*** Opening of Input ***
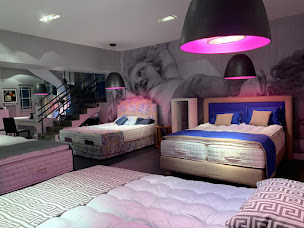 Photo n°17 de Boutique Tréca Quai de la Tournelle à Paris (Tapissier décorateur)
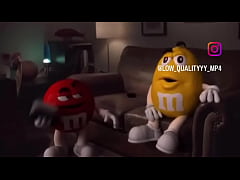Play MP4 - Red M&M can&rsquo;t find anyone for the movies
*** Close of Input ***
*** Opening of Input ***
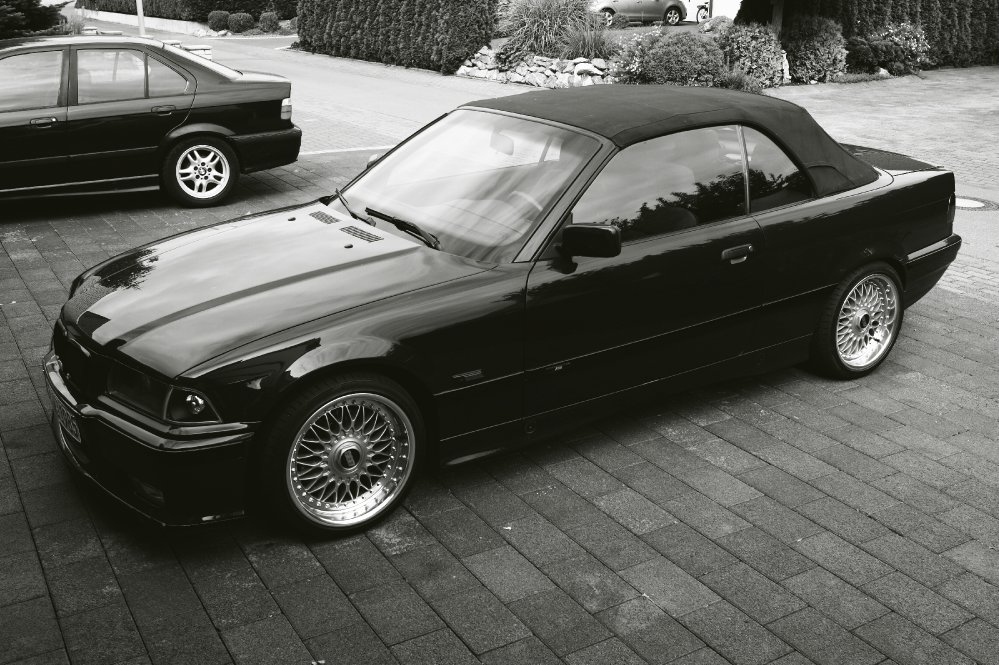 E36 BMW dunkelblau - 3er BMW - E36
*** Close of Input ***
*** Opening of Input ***
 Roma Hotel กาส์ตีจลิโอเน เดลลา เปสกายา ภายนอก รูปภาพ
*** Close of Input ***
» Task to complete:
Your copy should hold the lines from the one with "Photo n°17 de" up to and including the one with "Play MP4 - Red", exactly as in the data above, and no pictures.

» Finished task:
 Photo n°17 de Boutique Tréca Quai de la Tournelle à Paris (Tapissier décorateur)
Play MP4 - Red M&M can&rsquo;t find anyone for the movies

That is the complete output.